Sami Timimi has been a Consultant Child and Adolescent Psychiatrist since 1997 and is also an experienced Psychotherapist. He qualified as a doctor from Dundee University in 1988 and became a Member of the UK Royal College of Psychiatrists in 1992, achieving Fellowship in 2012. He has been a Visiting Professor of Child Psychiatry and Mental Health Improvement at the University of Lincoln, UK, for many years.

Sami has published over 130 articles and a number of chapters on subjects including childhood, psychotherapy, behavioural disorders, and cross-cultural psychiatry. He has authored five books, including "Pathological Child Psychiatry and the Medicalization of Childhood," co-edited four books, such as "Liberatory Psychiatry: Philosophy, Politics and Mental Health" with Carl Cohen, and co-authored two others, including "The Myth of Autism: Medicalising Men’s and Boys’ Social and Emotional Competence" with Neil Gardiner and Brian McCabe. His latest book, "Insane Medicine: How the Mental Health Industry Creates Damaging Treatment Traps and How You Can Escape Them," is available in paperback, or serialised form on the Mad in America website.

Professor Peter Gøtzsche

Professor Peter Gøtzsche

Professor Peter Gøtzsche is a doctor and founder of the Institute for Scientific Freedom, a non-profit organisation that promotes evidence-based medicine and scientific integrity. He is also an expert witness in lawsuits against drug companies and health professionals.
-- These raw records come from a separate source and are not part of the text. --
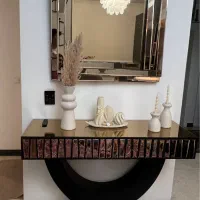 کنسول و اینه و کنار سالنی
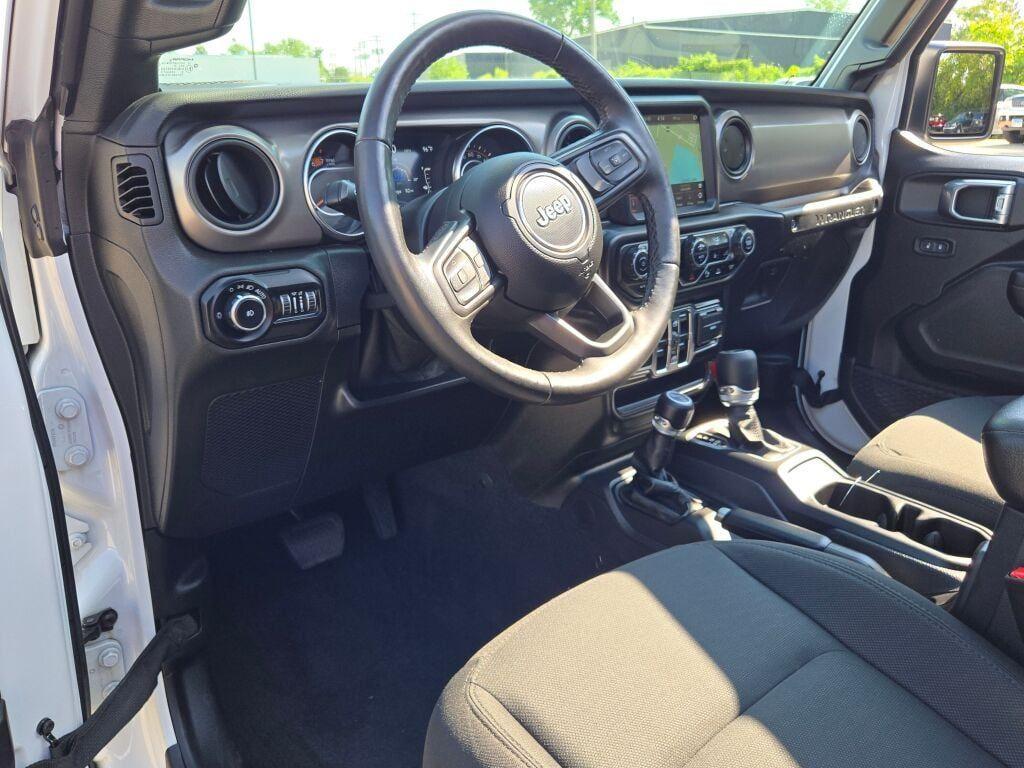 used 2021 Jeep Wrangler Unlimited car, priced at $30,812
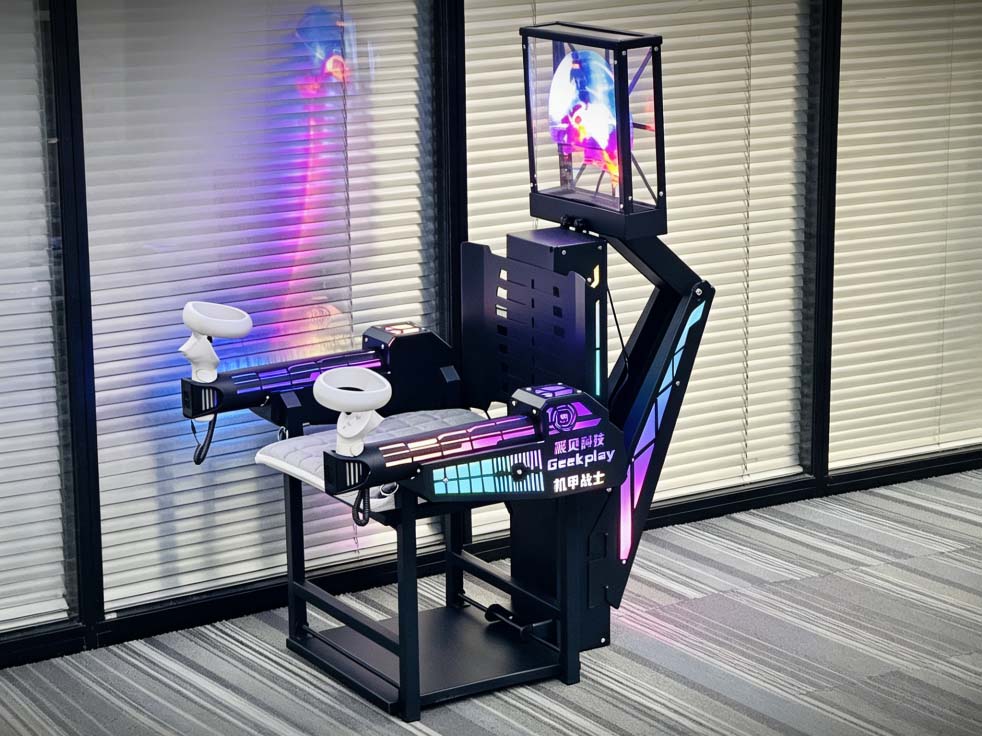 Mecha Warrior VR — pemain mengemudikan robot raksasa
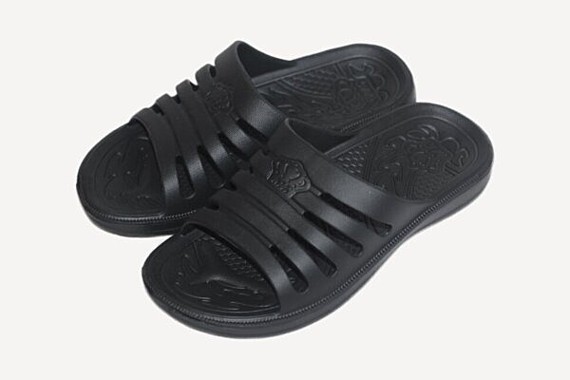 Сланцы подростковые арт.019 черный (32-39)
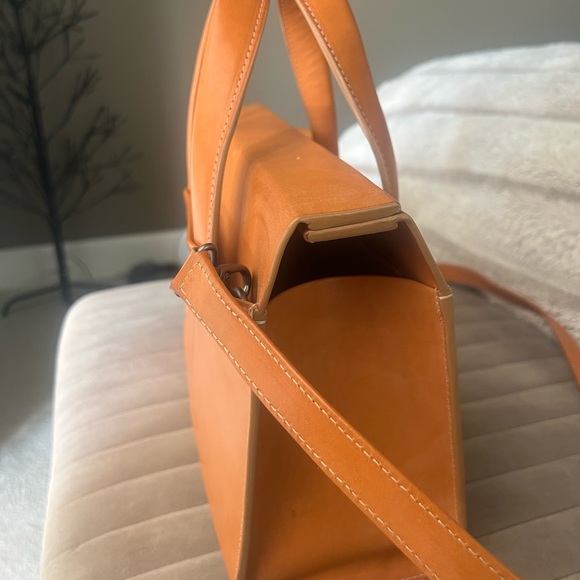 Gorgeous Tan Leather Isaac Reina Bag - Picture 8 of 11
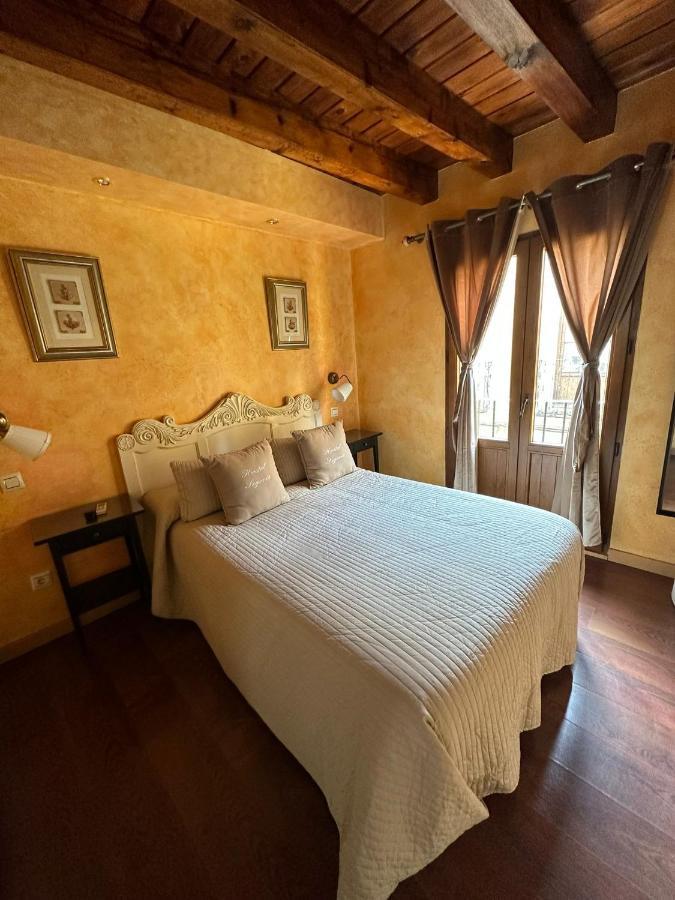 Hostal Segovia Adults Only Extérieur photo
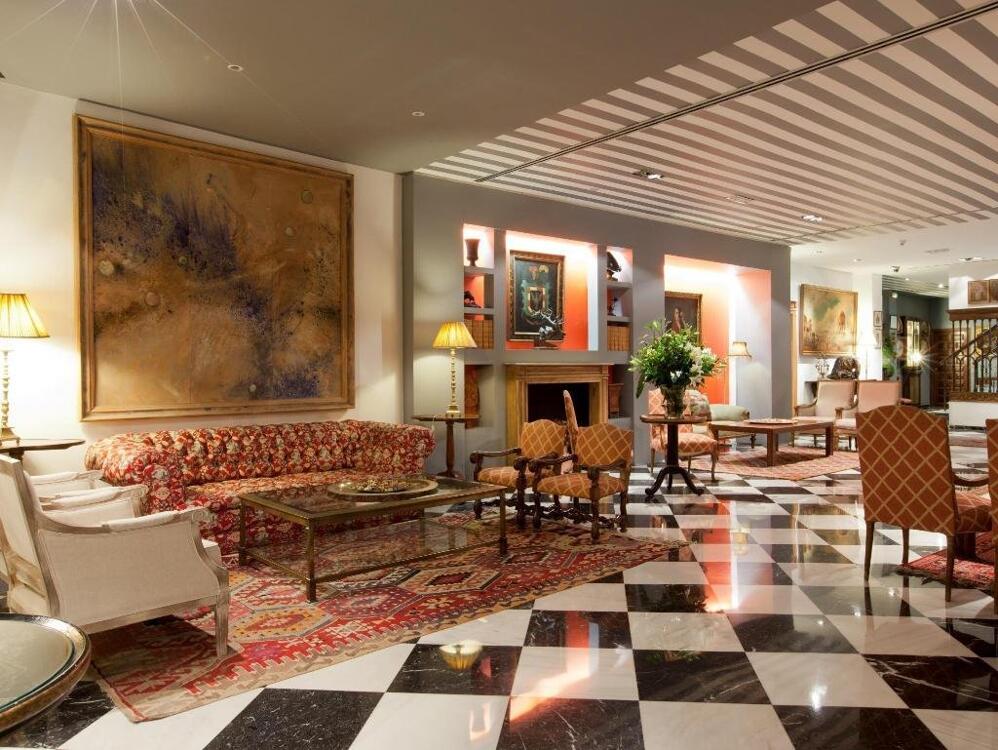 Foto de restauración de Hotel Doña María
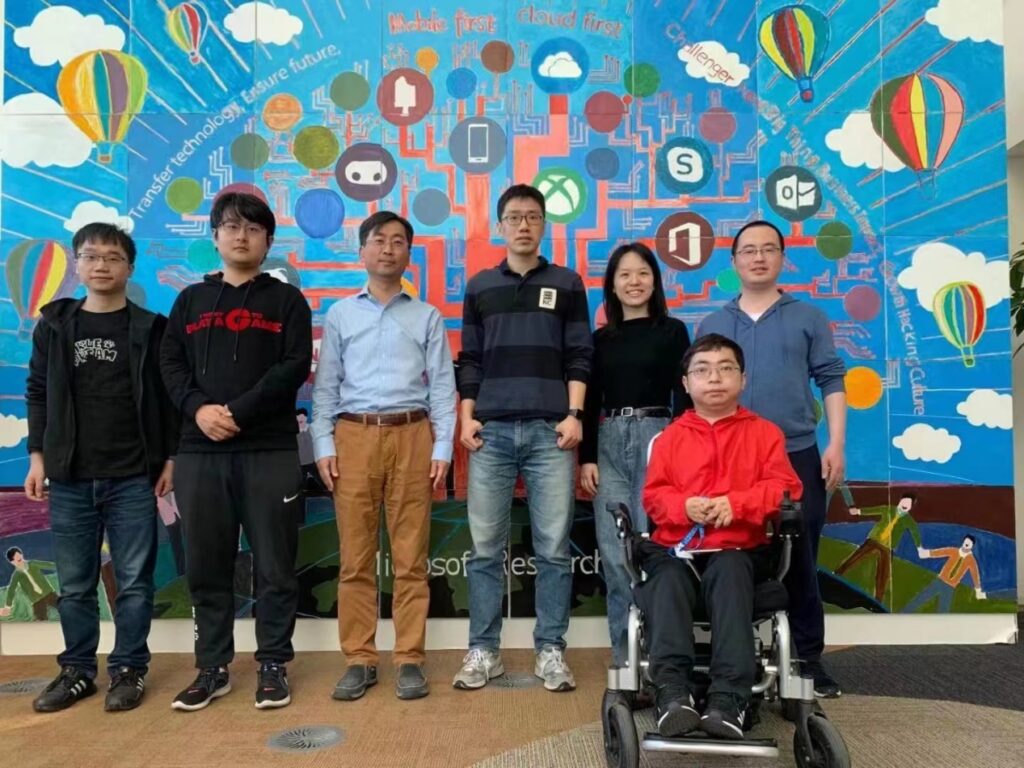 矣晓沅（右二）与社会计算组的同事们在办公室合影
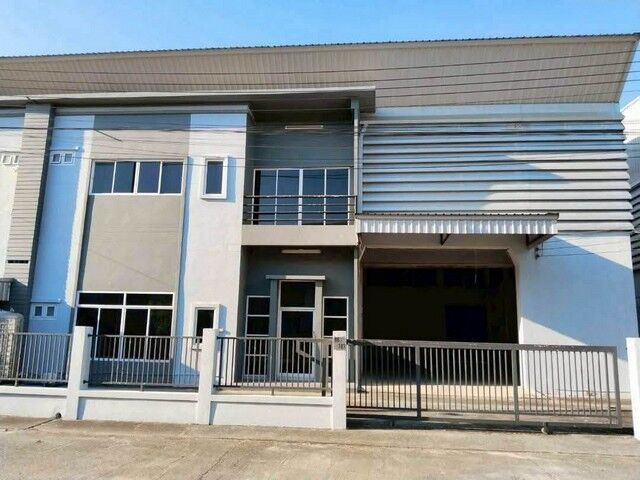 Bangkok, Villas, THB 78000,  99 Sq. Feet,  Warehouse/factory Rental, 800 Square Meters Of Living Space (2 Houses Available), Sai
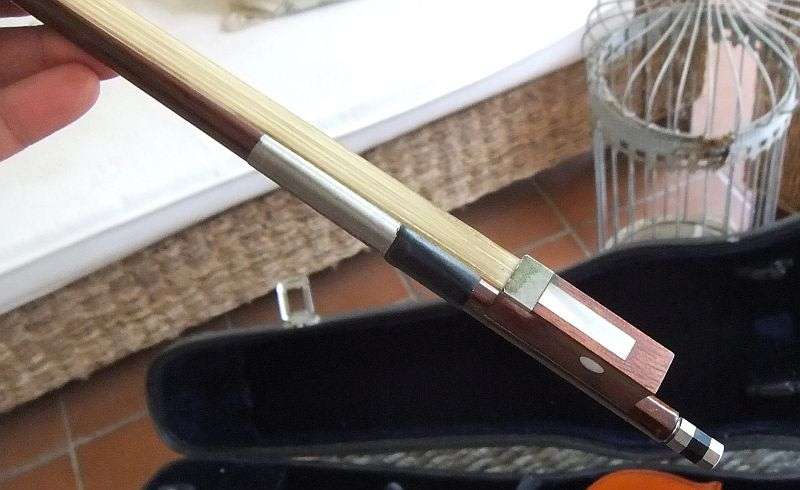 AWESOME FIND !! A STUNNING OLD VIOLIN WITH BOW AND RESIN IN ORIGINAL BOX !! IN WORKING ORDER !!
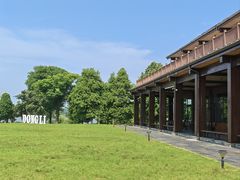 -梁子湖东篱老屋生态庄园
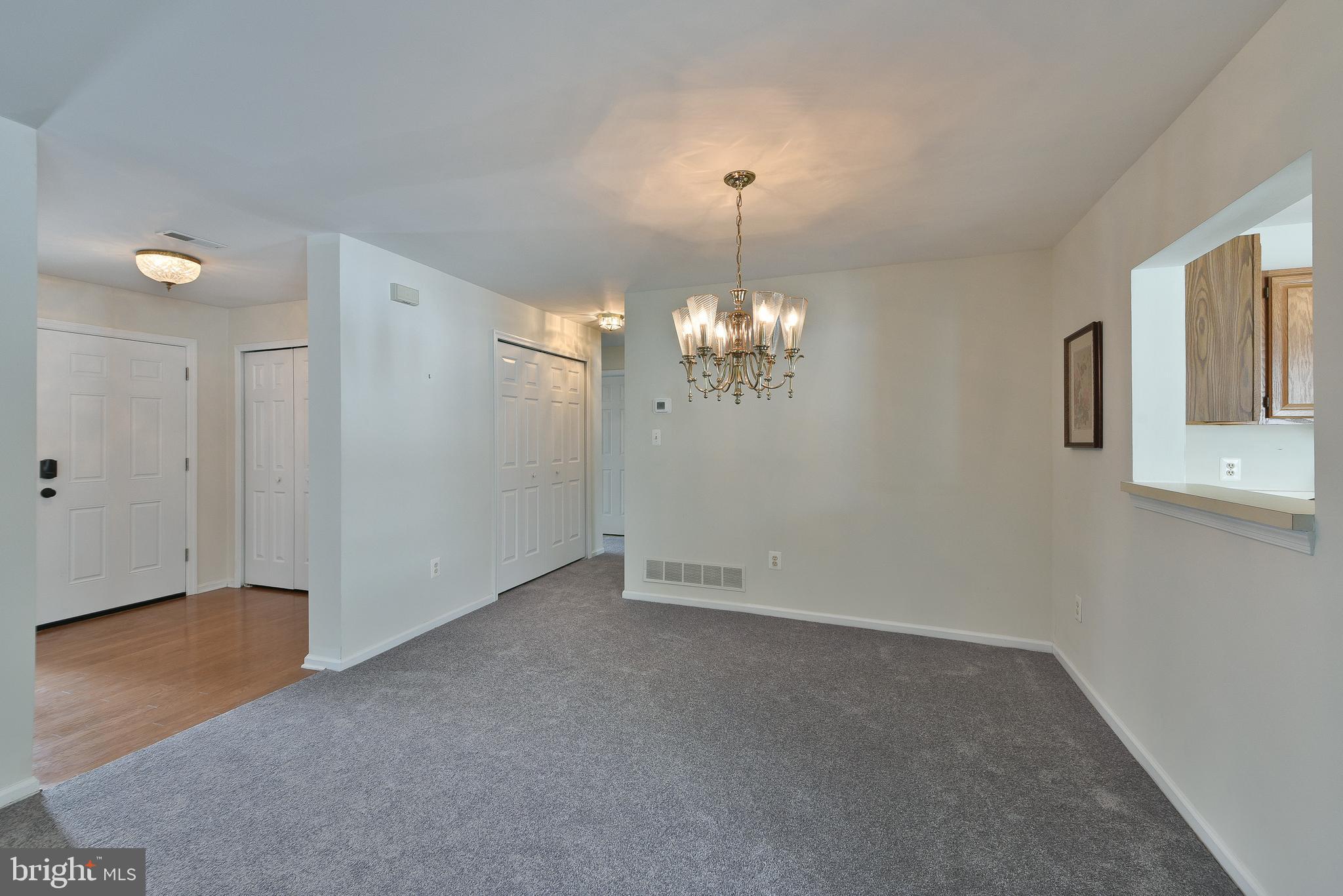 CEDAR HOLLOW - Residential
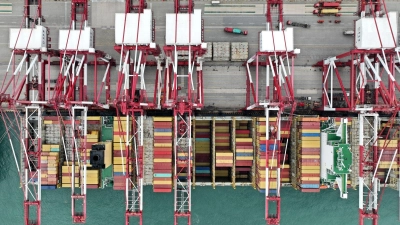 Blick von oben auf ein Containerschiff im Hafen von Qingdao in der ostchinesischen Provinz Shandong. (Foto: Li Ziheng/Xinhua/dpa)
Peter specialises in internal medicine and is a professor of Clinical Research Design and Analysis. He also holds a Master of Science in biology and chemistry. With about 80 others, Peter started The Cochrane Collaboration in 1993 and established The Nordic Cochrane Centre the same year. Peter has published more than 70 papers in scientific journals such as The Lancet, JAMA, and the BMJ, and his scientific works have been cited over 15,000 times. Peter is also an author of several books on medicine, including ‘Deadly Medicines and Organised Crime: How Big Pharma Has Corrupted Healthcare’.